### Problem
Only the number is wanted: how many lines in the data contain "Tassel"?

### Entries supplied
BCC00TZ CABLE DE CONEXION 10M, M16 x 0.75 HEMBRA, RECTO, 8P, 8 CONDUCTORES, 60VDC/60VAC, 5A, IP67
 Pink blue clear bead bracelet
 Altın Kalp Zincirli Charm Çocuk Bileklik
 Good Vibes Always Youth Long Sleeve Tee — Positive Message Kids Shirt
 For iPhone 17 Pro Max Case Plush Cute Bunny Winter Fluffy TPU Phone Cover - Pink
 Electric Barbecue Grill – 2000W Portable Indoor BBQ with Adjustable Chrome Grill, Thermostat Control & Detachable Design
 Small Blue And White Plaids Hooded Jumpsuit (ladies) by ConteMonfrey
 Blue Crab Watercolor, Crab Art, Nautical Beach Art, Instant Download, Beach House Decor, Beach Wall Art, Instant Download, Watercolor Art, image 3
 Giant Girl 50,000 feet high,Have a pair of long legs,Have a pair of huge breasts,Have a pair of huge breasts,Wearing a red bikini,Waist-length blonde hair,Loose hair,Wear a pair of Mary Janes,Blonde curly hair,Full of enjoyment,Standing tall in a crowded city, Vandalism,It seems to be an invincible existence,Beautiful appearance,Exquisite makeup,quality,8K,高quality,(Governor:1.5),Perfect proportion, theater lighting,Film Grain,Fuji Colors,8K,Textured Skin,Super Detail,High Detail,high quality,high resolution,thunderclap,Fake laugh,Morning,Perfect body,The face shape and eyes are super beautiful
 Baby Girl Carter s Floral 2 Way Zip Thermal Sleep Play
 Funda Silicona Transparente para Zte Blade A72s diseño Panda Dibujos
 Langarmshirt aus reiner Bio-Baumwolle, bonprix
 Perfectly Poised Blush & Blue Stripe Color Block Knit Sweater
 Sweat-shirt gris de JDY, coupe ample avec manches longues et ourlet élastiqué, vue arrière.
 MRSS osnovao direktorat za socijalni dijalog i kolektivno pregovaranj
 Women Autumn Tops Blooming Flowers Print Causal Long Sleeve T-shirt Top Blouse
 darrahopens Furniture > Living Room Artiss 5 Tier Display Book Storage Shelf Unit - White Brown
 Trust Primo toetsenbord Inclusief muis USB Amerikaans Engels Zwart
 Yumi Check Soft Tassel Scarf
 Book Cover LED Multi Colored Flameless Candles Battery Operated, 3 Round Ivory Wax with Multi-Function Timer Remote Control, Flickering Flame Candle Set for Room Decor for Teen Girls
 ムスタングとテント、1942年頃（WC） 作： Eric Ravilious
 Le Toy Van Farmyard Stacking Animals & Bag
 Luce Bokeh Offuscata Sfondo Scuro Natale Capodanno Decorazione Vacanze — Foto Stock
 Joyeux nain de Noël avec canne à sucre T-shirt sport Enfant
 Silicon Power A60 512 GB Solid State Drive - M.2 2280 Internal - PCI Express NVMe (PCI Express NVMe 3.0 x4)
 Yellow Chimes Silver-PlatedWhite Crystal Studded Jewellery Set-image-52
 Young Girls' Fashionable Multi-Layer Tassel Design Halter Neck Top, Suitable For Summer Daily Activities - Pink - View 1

### Finished exercise
2